MATERIAL FOR THIS TASK:

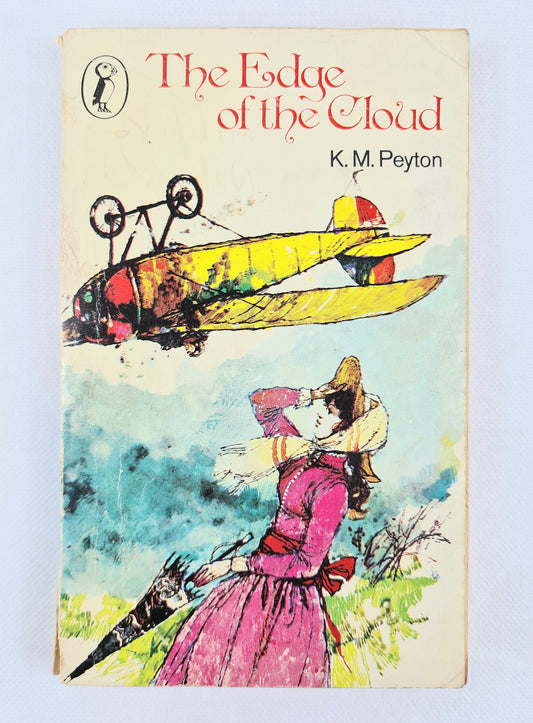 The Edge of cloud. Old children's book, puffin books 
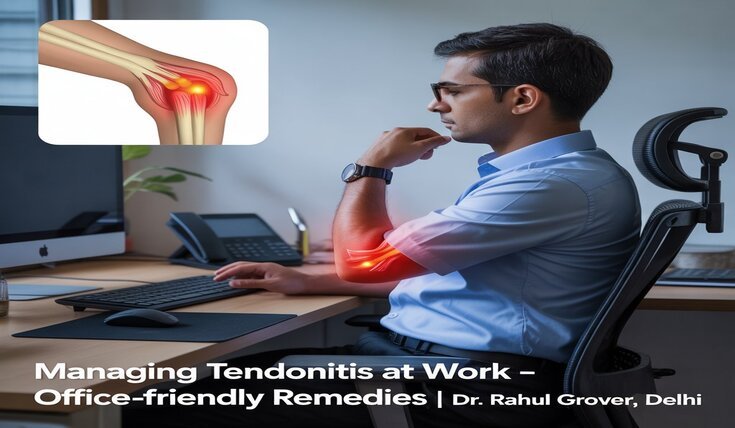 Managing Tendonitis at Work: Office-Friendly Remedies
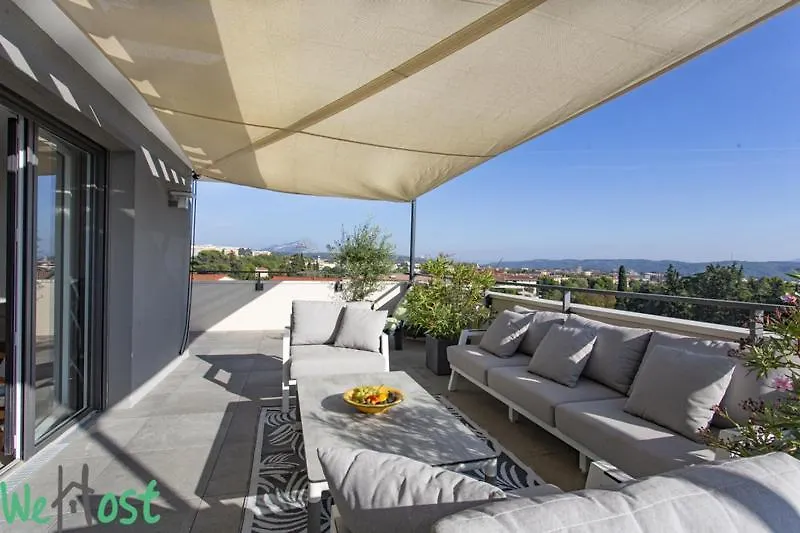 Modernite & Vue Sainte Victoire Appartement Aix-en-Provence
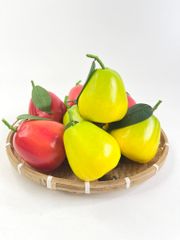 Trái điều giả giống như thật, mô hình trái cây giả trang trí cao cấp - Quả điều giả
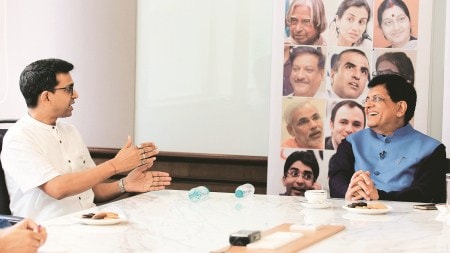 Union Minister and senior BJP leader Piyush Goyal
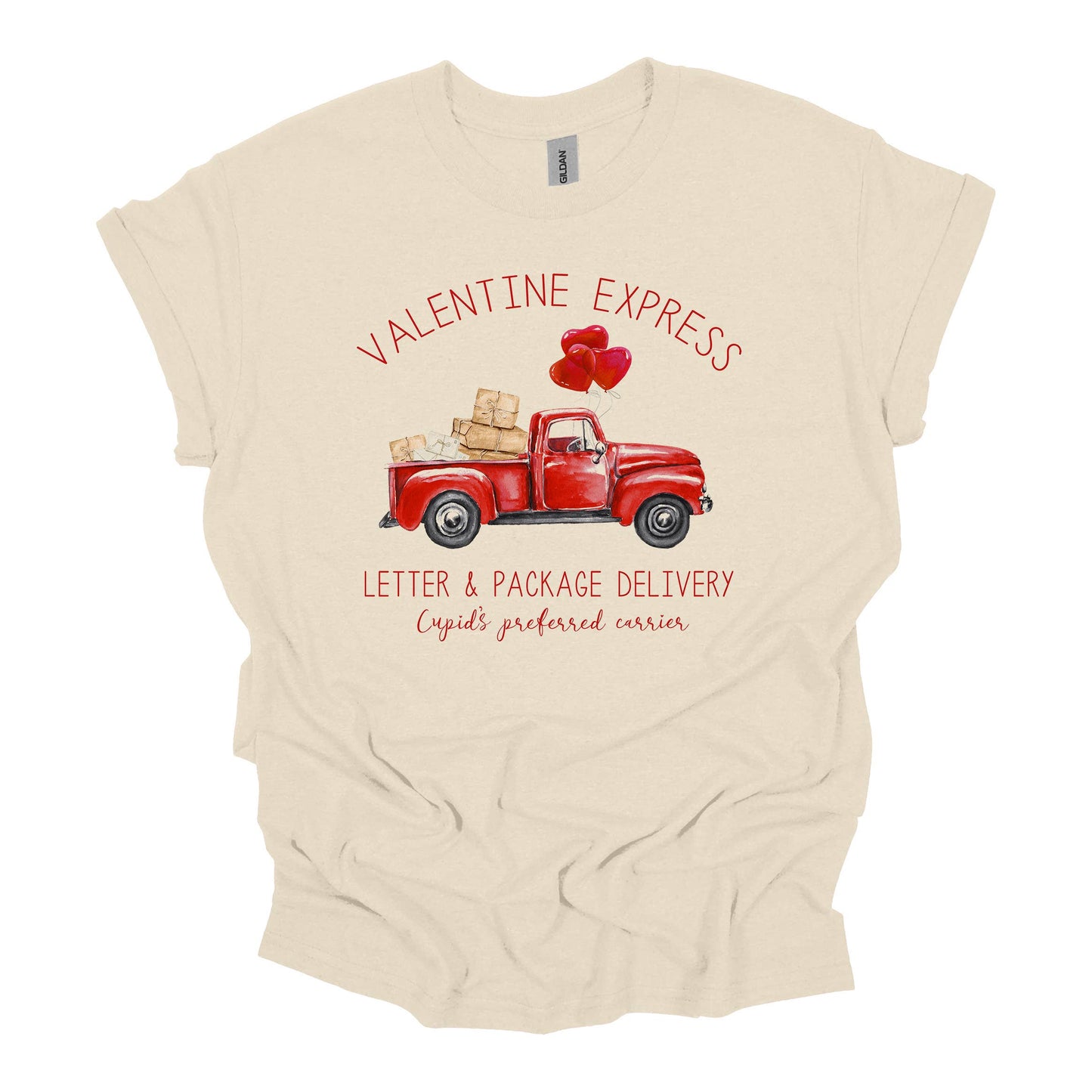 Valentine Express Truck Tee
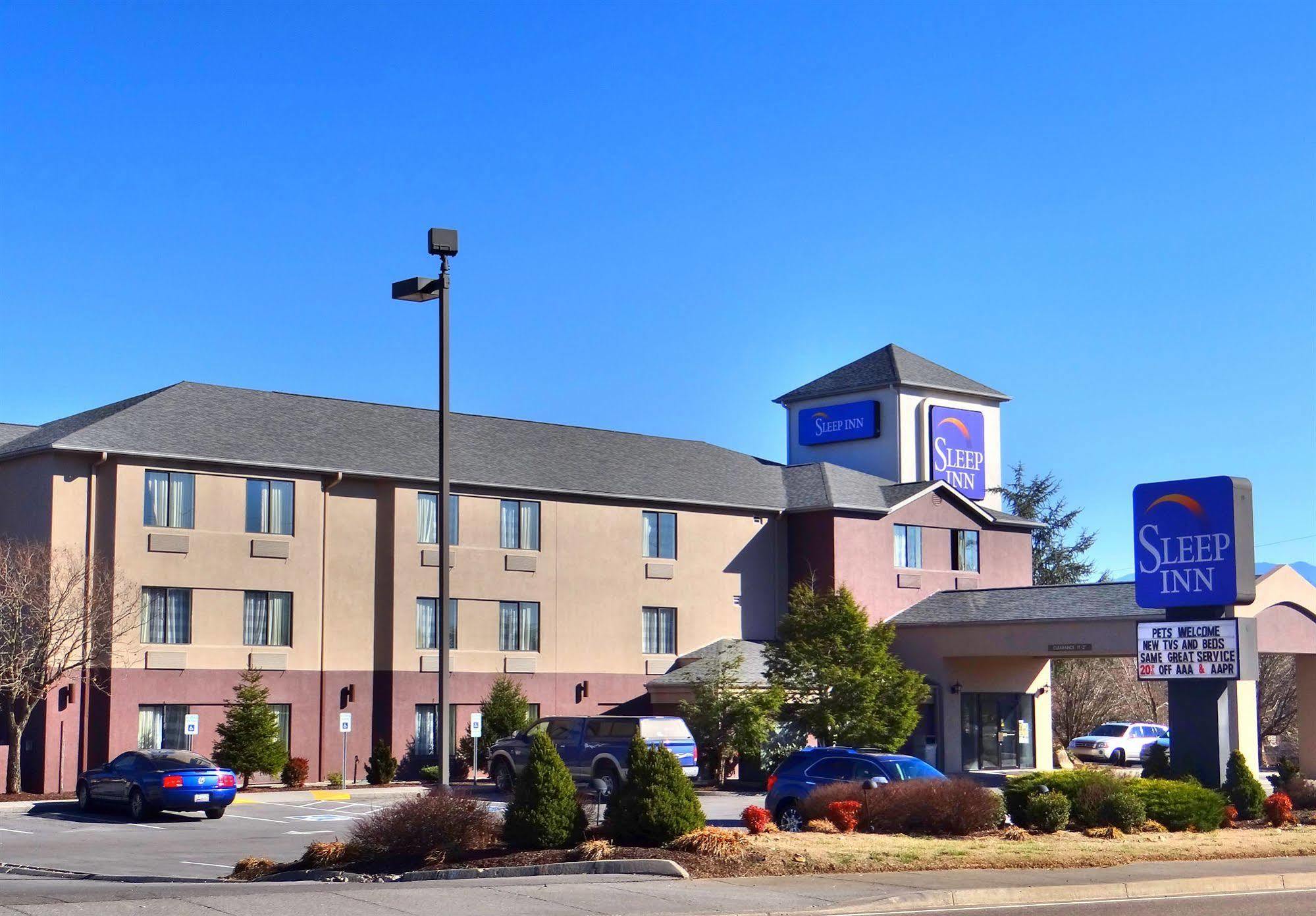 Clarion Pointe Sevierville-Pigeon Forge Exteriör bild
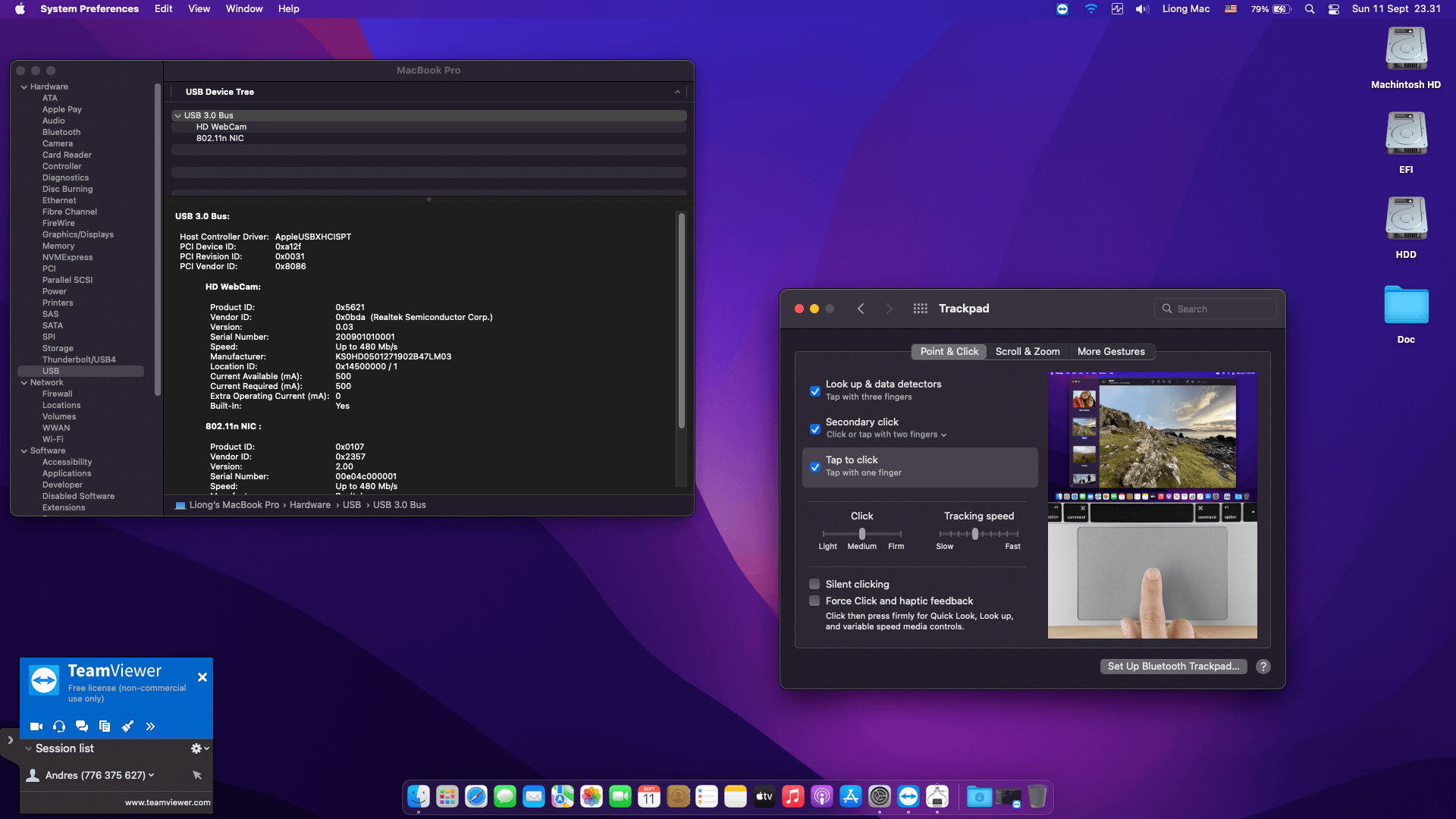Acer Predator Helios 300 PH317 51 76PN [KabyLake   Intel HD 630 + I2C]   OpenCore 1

ACTIVITY: Exclude all images and restate the records above word for word.

SOLUTION BELOW:
 The Edge of cloud. Old children's book, puffin books 
 Managing Tendonitis at Work: Office-Friendly Remedies
 Modernite & Vue Sainte Victoire Appartement Aix-en-Provence
 Trái điều giả giống như thật, mô hình trái cây giả trang trí cao cấp - Quả điều giả
 Union Minister and senior BJP leader Piyush Goyal
 Valentine Express Truck Tee
 Clarion Pointe Sevierville-Pigeon Forge Exteriör bild
Acer Predator Helios 300 PH317 51 76PN [KabyLake   Intel HD 630 + I2C]   OpenCore 1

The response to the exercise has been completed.